In mid-December Tudou.com announced it would file a lawsuit against Youku.com, which in turn said it was the victim of piracy and will also ask for more than 100 million yuan in compensation.
The public dispute grabbed headlines in the Chinese media and again put copyright concerns in the spotlight.
Yu Bin, financial and legal vice-president of Tudou, told a press conference on Dec 16 that the fracas started over Tudou's exclusive Chinese mainland deal for the Taiwan-made TV program Kangxi Come.
With a copyright in force from Dec 1 until the end of November next year, Yu said the show has already been pirated by other portals including Youku.

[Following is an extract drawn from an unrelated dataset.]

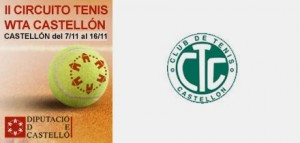 WTA Castellon fisioterapeuta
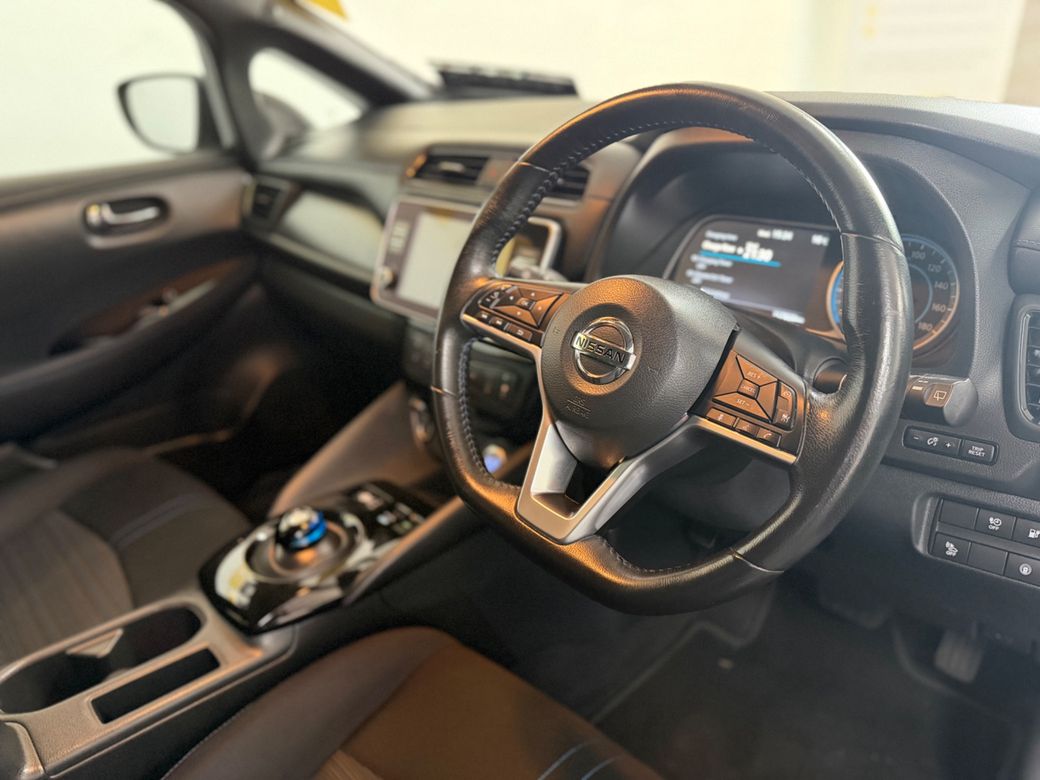 2020 Nissan Leaf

He alleged that most of the infringing videos on Youku were directly uploaded by its editors.
In his microblog Tudou CEO Wang Wei said Youku carried unauthorized content including Kangxi Come and sold ads in the videos, adding that the pirated content was even recommended by Youku's editors.
Links to infringing videos have now surpassed 80,000, he added.
The intentional piracy could take the online TV and movie industry back to the chaos littered with copyright disputes of two years ago, he said.
Youku fired back, asserting that more than 100 films and entertainment programs as well as its proprietary videos have been pirated by Tudou.
Youku said it will file suit against Tudou in both Beijing and Shanghai asking for more than 100 million yuan in compensation.
Xinhua news agency cited Shi Yihua, business director of the Shanghai Multimedia Industry Association, saying that "no matter who is right, the dispute over copyrights is to some degree a blow against infringements".
Legal, copyrighted content has become central in the portals' battle over market share, industry insiders said.
Prices for legitimate popular films and TV series have surged over the past year from 10,000 yuan an episode a year ago to 1 million yuan or even 2 million yuan currently.
Sohu.com bought the exclusive online rights for the TV series New My Fair Princess for 20 million yuan in July, while Tencent.com - operator of QQ.com, one of the largest Web portals in China - paid 70 million yuan in October for the exclusive online rights to the new TV series Palace II.
While purchase prices for copyrighted content are skyrocketing, penalties for infringement remain light.
According to the intellectual property website cnipr.com, "the penalties for online video piracy are too low".
"It may take several months to go through legal proceedings and the final compensation might be just 10,000 yuan," it reports.
But many video websites are now publicly traded companies - Youku is listed on the New York Stock Exchange and Tudou is on the NASDAQ - so use of legal content is no longer a voluntary act in business, said Liu Chunquan, a senior partner of a Shanghai law firm.
Stock prices and the market add another layer of governance, he said.